* [How to complete this task] Repeat the lines below exactly as written, please, from the line with "Two men relaxing" to the line with "Josep-Maria Grosset, a", both lines included, and no others.

* [Dataset records]

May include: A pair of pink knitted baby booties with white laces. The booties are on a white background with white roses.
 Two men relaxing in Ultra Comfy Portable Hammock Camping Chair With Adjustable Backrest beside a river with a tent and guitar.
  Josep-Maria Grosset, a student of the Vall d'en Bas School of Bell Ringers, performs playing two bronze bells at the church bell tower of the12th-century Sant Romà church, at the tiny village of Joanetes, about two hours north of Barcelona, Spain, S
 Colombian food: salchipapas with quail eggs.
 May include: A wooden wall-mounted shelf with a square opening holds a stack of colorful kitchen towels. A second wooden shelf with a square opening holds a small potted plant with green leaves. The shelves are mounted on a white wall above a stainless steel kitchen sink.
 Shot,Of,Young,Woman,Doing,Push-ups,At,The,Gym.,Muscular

* [Output for this exercise]
 Two men relaxing in Ultra Comfy Portable Hammock Camping Chair With Adjustable Backrest beside a river with a tent and guitar.
  Josep-Maria Grosset, a student of the Vall d'en Bas School of Bell Ringers, performs playing two bronze bells at the church bell tower of the12th-century Sant Romà church, at the tiny village of Joanetes, about two hours north of Barcelona, Spain, S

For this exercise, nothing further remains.